Effectiveness of Implementation of an Enhanced Recovery Program in Bariatric Surgery.

作者信息

Doshi Lisa P, Nudotor Richard, Adrales Gina Lynn, Chin David, Austin Matt, Dickson Conan, Engineer Lilly D

机构信息

Department of Surgery, Johns Hopkins School of Medicine, Baltimore, Maryland.
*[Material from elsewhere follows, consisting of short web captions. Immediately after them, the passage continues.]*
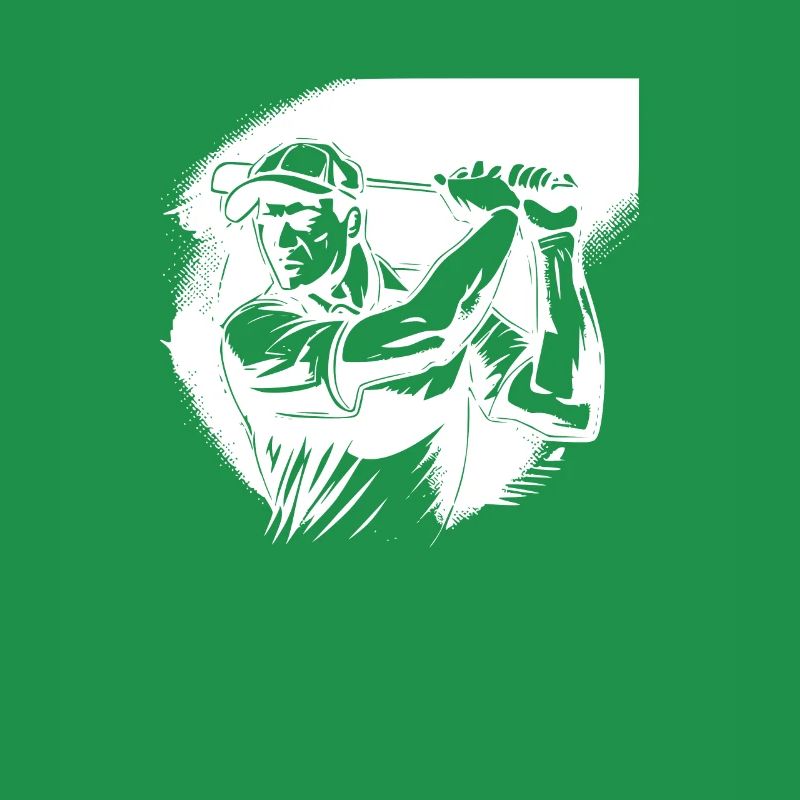 Golf Golfers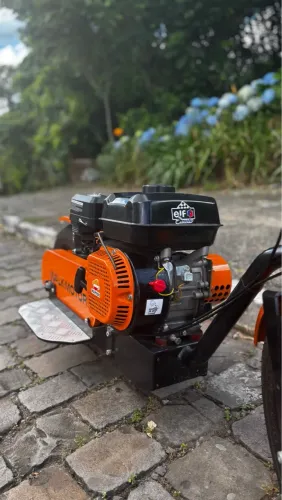 Patinete Walk Machine especial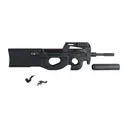 High Tower Armory Ruger 10/22 Bullpup Stock Polymer - High Tower Armory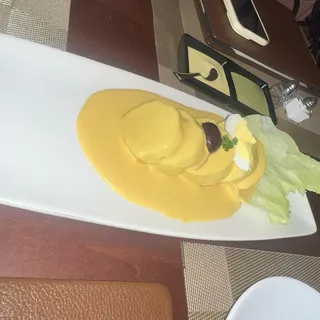 Papa a la Huancaina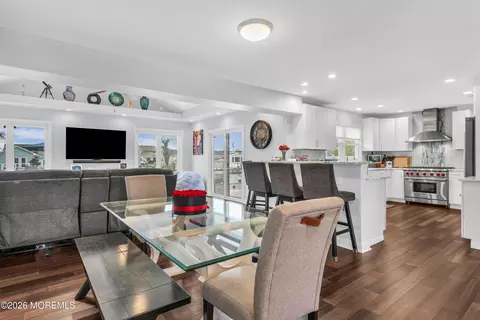 Dining - 933 Montauk Dr, Forked River, NJ 08731 photo 2 of 2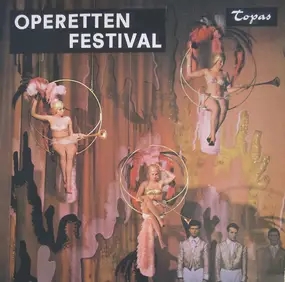 Various Artists - Operetten - Festival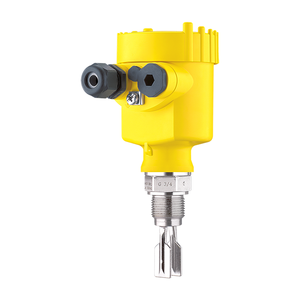 Instrumento de Medición de Nivel VEGAVIB 61 100% Original, Interruptor Vibratorio para Medición de Nivel por Radar de Sólidos Granulares - Product Image 4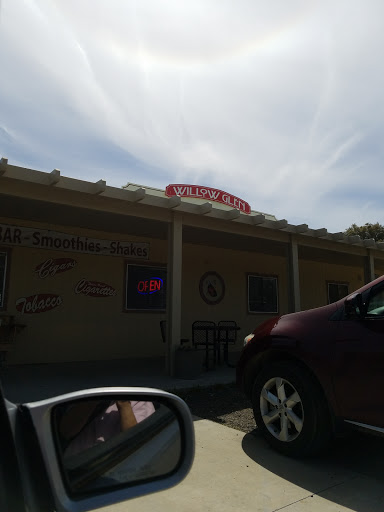Tobacco Shop «Willow Glen Smoke Shop», reviews and photos, 31793 Hwy 41, Coarsegold, CA 93614, USA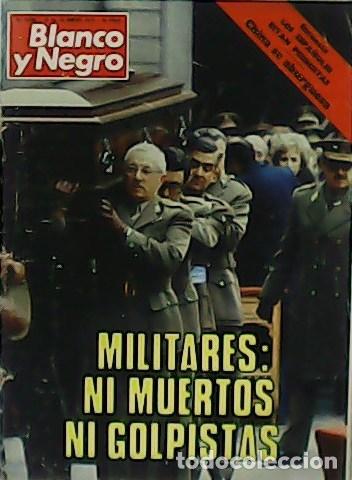 Libros: Blanco y Negro. N&ordm; 3.480. - Foto 1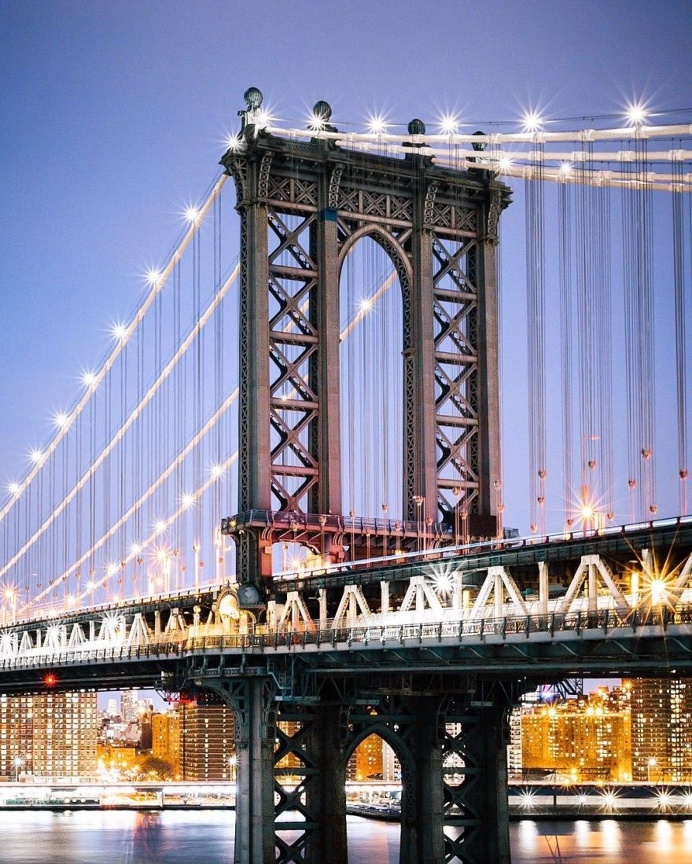 Stunning Instagrams by Matthew Pastula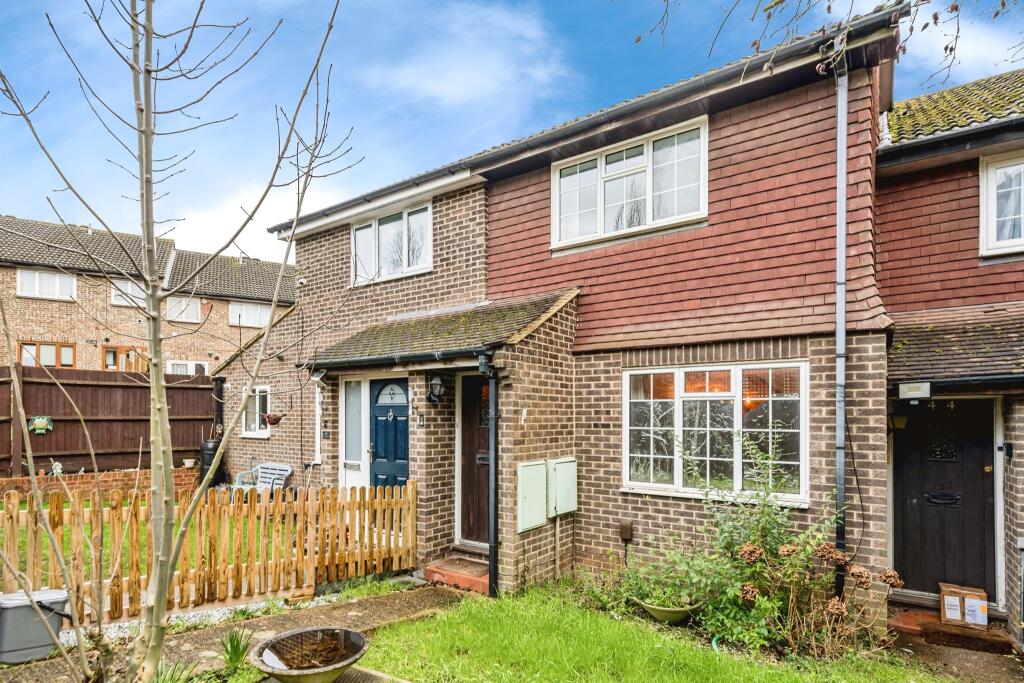 Main image of property: Avebury, Slough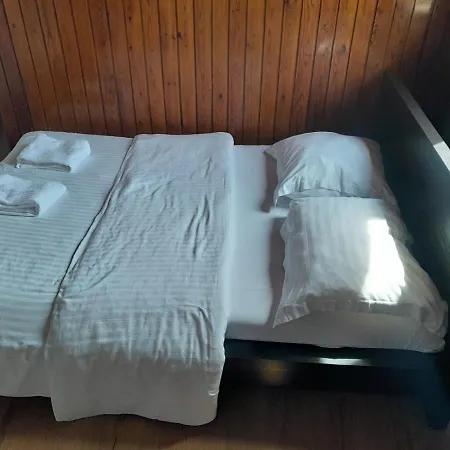 Vendégház Marci Sweethome *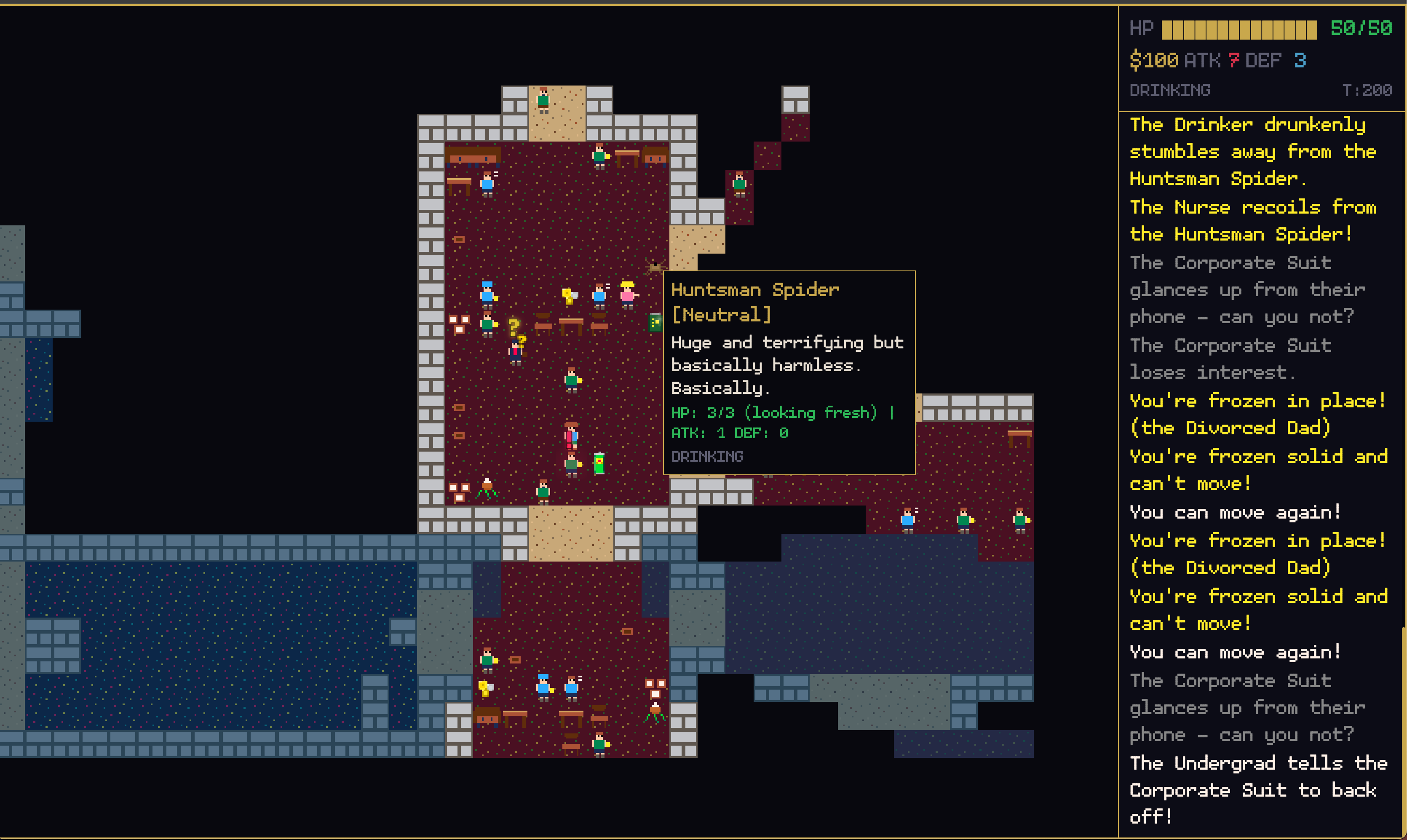 Screenshot 7 for Australian Pub Simulator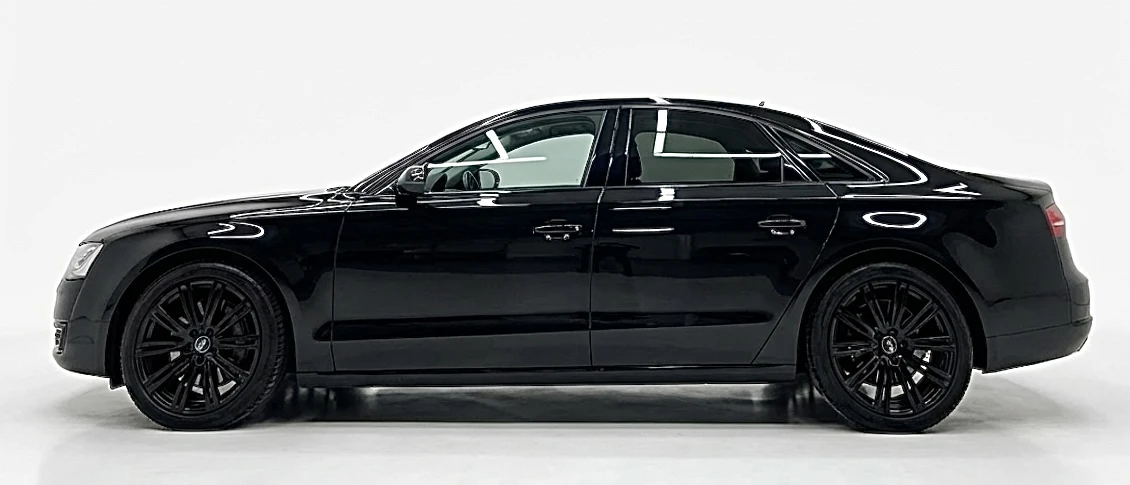 Audi A8 3.0TDI#PANORAMA#DISTRONIK#PODGREV#KAMERA#KEYLESS# | Mobile.bg � ����������� 8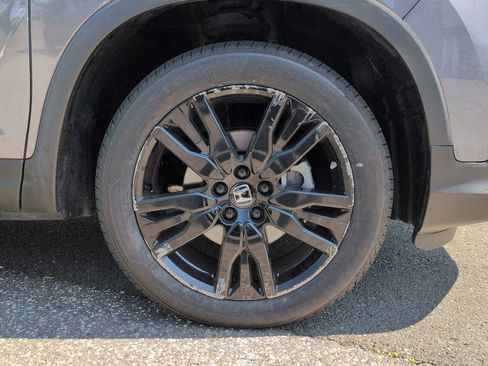 Used 2022 Honda Pilot Special Edition image 25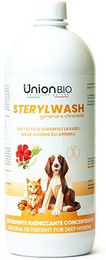 Produktbild von Union B.I.O. Sterywash Citronella Bio Reinigungsmittel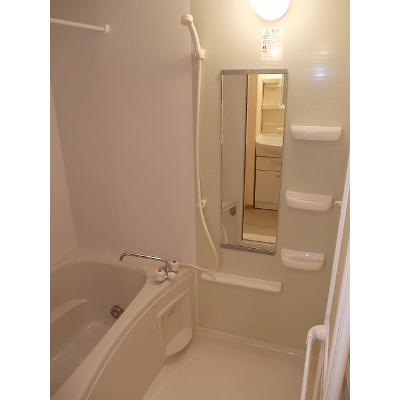 フォレストパーク・壱番館 201【管理NO：1-013031301-02010】 ★家具家電は申し込み後に搬入します 2026年09月中旬入居可能の物件画像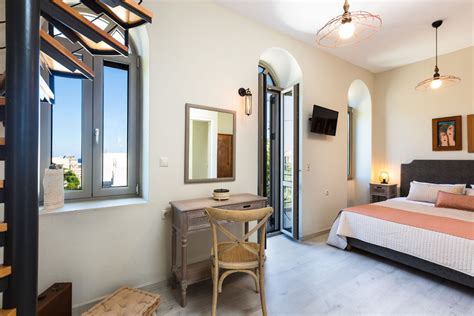 Villa Anemoni , Panormo , Rethymno , Crete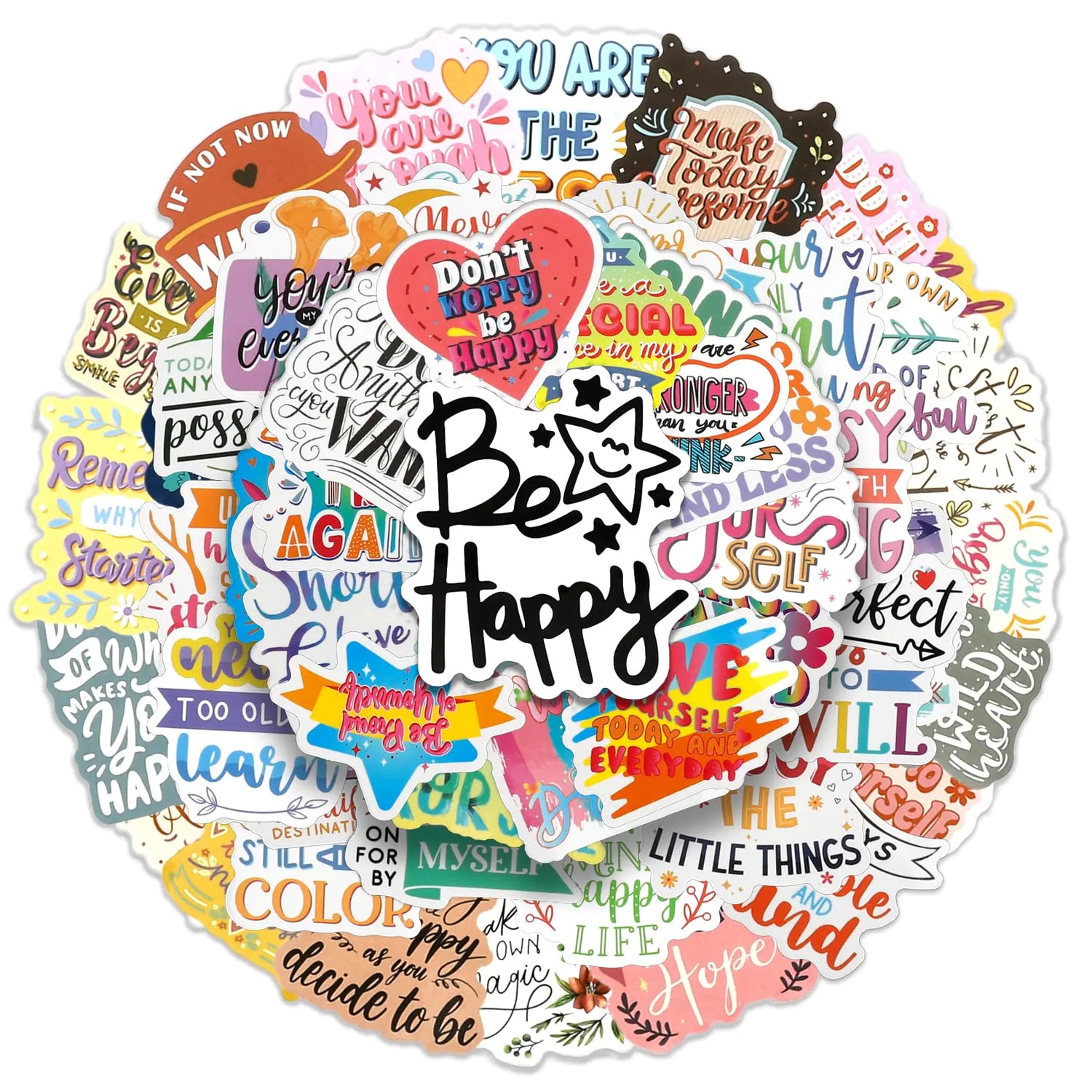 Journal Joy~ accessories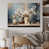 Wrapped Canvas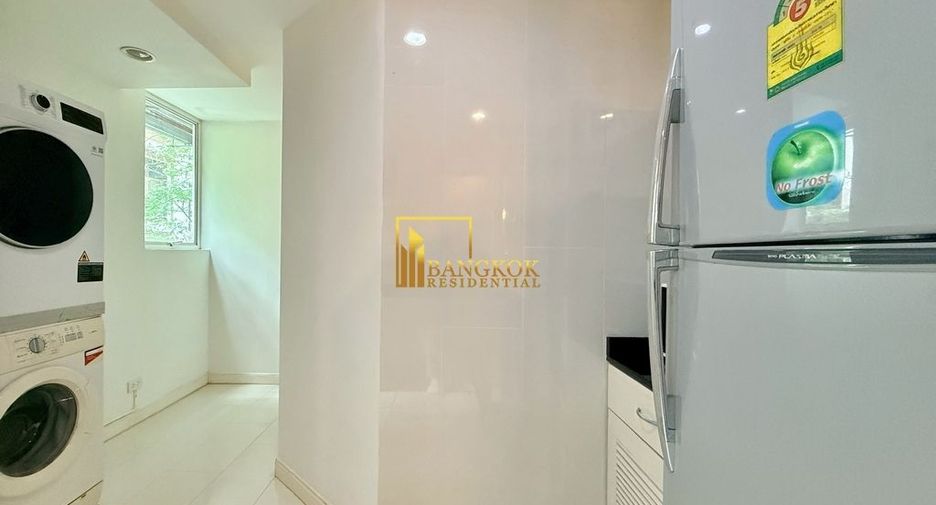 For rent 3 ベッドルーム apartment in Sathon, Bangkok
Department of Surgery, Anne Arundel Medical Center, Annapolis, Maryland.

出版信息

J Surg Res. 2024 Dec;304:19-27. doi: 10.1016/j.jss.2024.09.082. Epub 2024 Nov 1.

Abstract

INTRODUCTION

While the adoption of ERAS protocols in bariatric surgery has increased, variability exists across centers, reflecting a spectrum of implementation stages. The objective of this study is to understand and increase awareness of the effectiveness of enhanced recovery after surgery (ERAS) protocols in bariatric surgery, given the specific perioperative difficulties and risks for this population. We aimed to study the association between implementation of the ERAS program in bariatric surgery and specific outcomes.

METHODS

Primary bariatric patients (≥18 y old) at a single academic institution were divided into pre-ERAS and post-ERAS groups. Poisson and quantile regressions were used to examine the association between the ERAS protocol and length of stay and cost, respectively. Logistic regression was used to assess the impact of ERAS on 30-d readmissions.

RESULTS

A total of 680 procedures were performed in the pre-ERAS cohort, compared to 1124 procedures post-ERAS. The median length of hospital stay was shorter, and median cost of surgery was lower for post-ERAS patients compared to pre-ERAS patients by 1 d (P = 0.001) and $2000, respectively. A higher proportion of patients in the pre-ERAS period had one or more unplanned readmissions compared to the post-ERAS period (P < 0.001). The ERAS protocol was associated with decreased length of stay (incidence rate ratio = 0.72, P < 0.001), decreased median cost (-$2230, P < 0.001), and lower risk of 30-d unplanned readmissions (odds ratio = 0.48, P < 0.001).

CONCLUSIONS

This study highlights the value of an enhanced recovery program in bariatric surgery, benefiting both patients and health systems.

摘要

引言

虽然减重手术中加速康复外科(ERAS)方案的采用有所增加,但各中心存在差异,反映出处于不同的实施阶段。鉴于该人群围手术期存在特定困难和风险,本研究的目的是了解并提高对减重手术中术后加速康复(ERAS)方案有效性的认识。我们旨在研究减重手术中ERAS项目的实施与特定结局之间的关联。

方法

将一所学术机构的原发性减重手术患者(≥18岁)分为ERAS实施前组和ERAS实施后组。分别采用泊松回归和分位数回归来检验ERAS方案与住院时间和费用之间的关联。采用逻辑回归评估ERAS对30天再入院率的影响。

结果

ERAS实施前队列共进行了680例手术,ERAS实施后为1124例。与ERAS实施前的患者相比,ERAS实施后的患者中位住院时间缩短了1天(P = 0.001),手术中位费用降低了2000美元。与ERAS实施后相比,ERAS实施前有更高比例的患者发生一次或多次非计划再入院(P < 0.001)。ERAS方案与住院时间缩短(发病率比 = 0.72,P < 0.001)、中位费用降低(-2230美元,P < 0.001)以及30天非计划再入院风险降低(优势比 = 0.48,P < 0.001)相关。

结论

本研究强调了减重手术中加速康复项目的价值,对患者和卫生系统均有益。